Thursday, May 14, 2009

Louis St.Lewis feature, The Raleigh Extra

Louis St.Lewis : Making a Place of His Own

Spotlight the Arts- The Raleigh Extra
by Ivan R. Waldorf

Louis St.Lewis means to turn heads- and he succeeds.

There is more to art than pen to paper, brush to canvas, or bow to string. Art is as much entertainment as anything else, and it helps to bring that overlooked element to bear when seeking a wider audience for your work.

That, in a nutshell is part of the magic that is Louis St.Lewis, the expressive young artist who was commissioned this year to create the signature poster for Artsplosure.  And what a collection of emotions and images it is.  Much like it's creator.

" I learned early on that I needed to market myself effectively," St.Lewis says, " and I believe I have been successful in doing so."   Indeed.

He lives as most other artists and would-be artist can only dream of.  He is an artist, full time.  His works sell for thousands of dollars and are sought after,  And he is free to be whoever he discovers himself to be.  Not bad for something considered a hand-to-mouth business.

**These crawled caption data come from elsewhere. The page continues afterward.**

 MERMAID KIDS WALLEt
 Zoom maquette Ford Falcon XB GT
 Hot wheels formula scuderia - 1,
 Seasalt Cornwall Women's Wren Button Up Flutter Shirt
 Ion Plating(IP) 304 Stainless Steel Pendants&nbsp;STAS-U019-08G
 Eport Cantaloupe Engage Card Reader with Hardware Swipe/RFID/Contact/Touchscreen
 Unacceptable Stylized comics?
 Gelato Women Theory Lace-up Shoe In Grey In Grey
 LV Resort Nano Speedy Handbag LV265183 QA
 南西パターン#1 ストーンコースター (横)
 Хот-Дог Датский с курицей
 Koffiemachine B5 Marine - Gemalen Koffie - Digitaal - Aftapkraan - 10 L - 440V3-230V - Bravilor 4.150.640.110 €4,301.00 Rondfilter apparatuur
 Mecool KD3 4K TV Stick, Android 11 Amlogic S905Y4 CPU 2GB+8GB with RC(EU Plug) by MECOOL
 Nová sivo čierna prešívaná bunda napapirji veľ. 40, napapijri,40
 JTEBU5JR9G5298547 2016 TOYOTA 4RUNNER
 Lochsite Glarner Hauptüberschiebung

" I've tried to market myself in the manner of the late 19ths and early 20th centuries, when artists were valued as something important," he says.  "Art is entertainment, just like the movies, shows or any kind of show business.  People want to be entertained, so I use costumes, a limo, an entourage, because it livens things up when I arrive."

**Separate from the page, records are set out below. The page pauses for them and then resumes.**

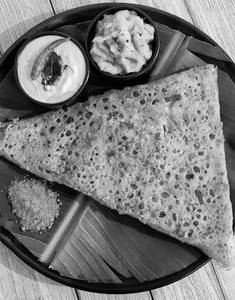 Paneer Rawa Masala Dosa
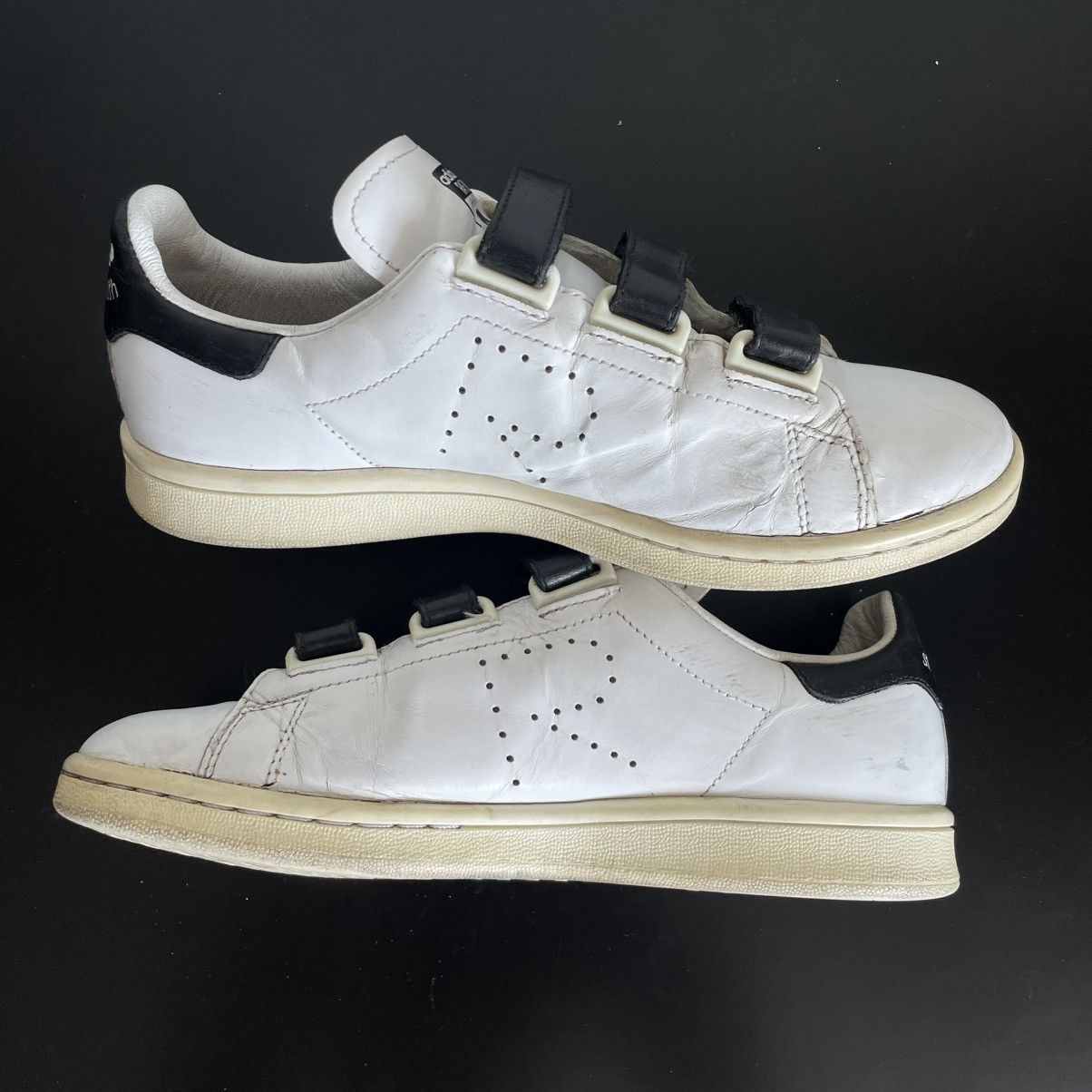 Adidas × Raf Simons Rare Adidas Stan Smith X Raf Simons Strap Sneakers Size US 6 / IT 36 - 14 Thumbnail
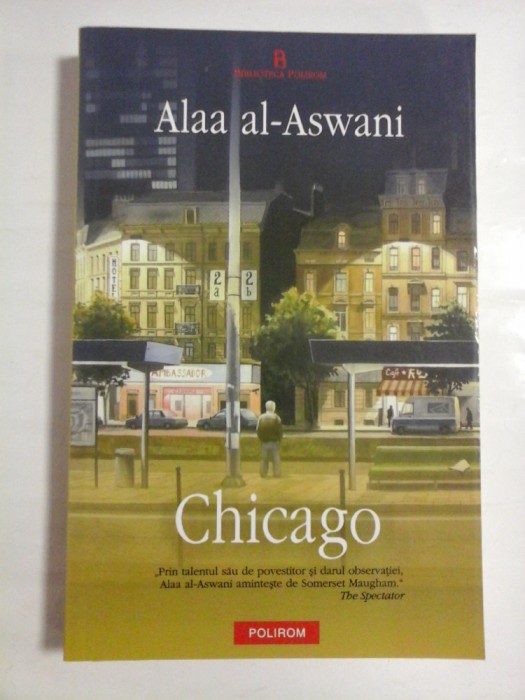 CHICAGO - Alaa al-ASWANI -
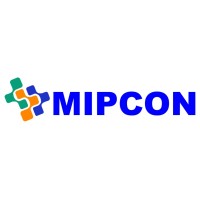 MIPCON logo, MIPCON contact details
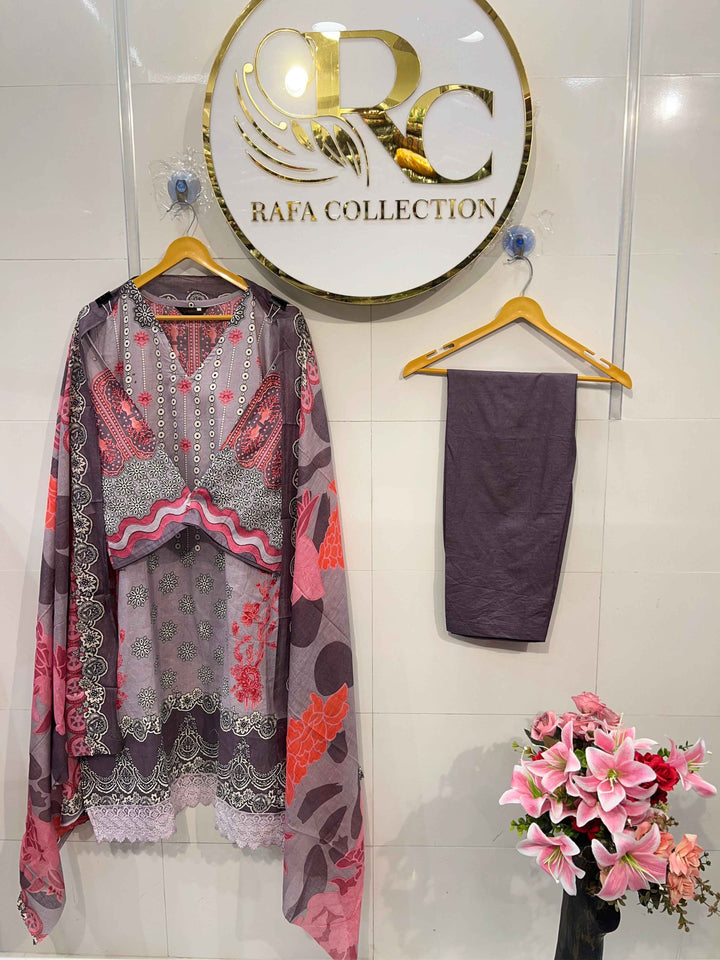 Pakistani Printed Suits 2203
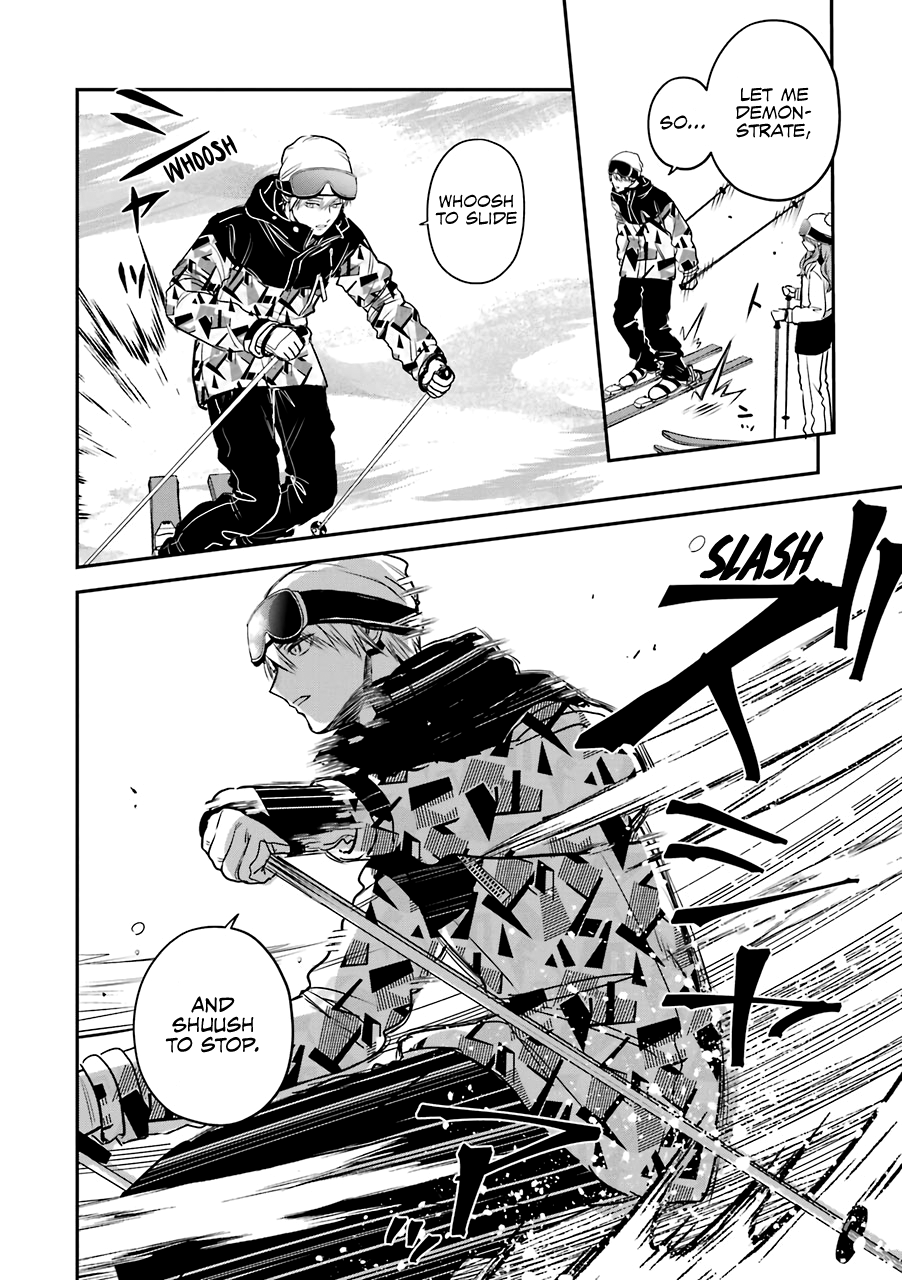 Ice Guy and the Cool Female Colleague Chapter 31 page 7 -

But what about all that stuff about artistic purity?  It's all in the eye of the beholder, apparently, because this artist, having been booted out of every college  and art school he attended- not for failure to perform, but failure to conform- has left his purer classmates in the dust.

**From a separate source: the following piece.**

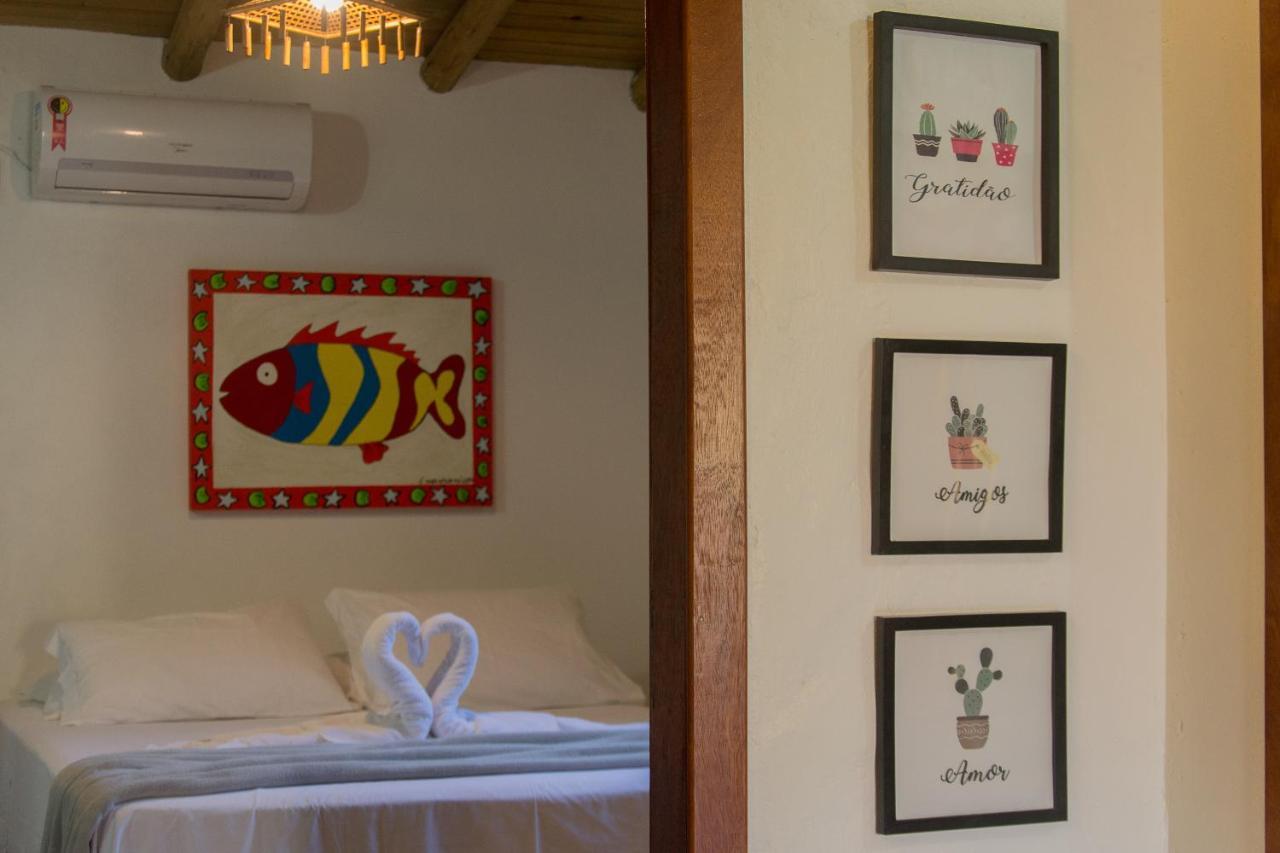 Morada Do Gabriel Hotel Guarda do Embaú Екстериор снимка
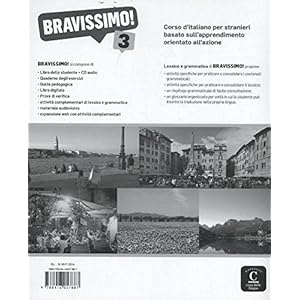 Bravissimo! 3 : Corso d'italiano. Lessico e grammatica B1 (Italian Edition)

"None of the people who graduated from the schools I went to are still in the arts." Louis says.

And as one looks at the Artsplosure poster, it's easy to see the influence of Louis' favoritesm like Warhol and Dali.   But there's a lot of Louis St.Lewis there too.

After all, how many people could stand at the top of the Eiffel Tower and see it - the Tower- as a jazz horn in the hands of Sir Walter Raleigh, surrounded by classic images of The Louvre, while understanding Paris as a town " just like Raleigh, except not quite."

After all, that's what art is all about-seeing  the ordinary in an extraordinary way.  That's what makes Louis St.Lewis the artist he is- something no classroom or workshop knows to teach.  It must be discovered within.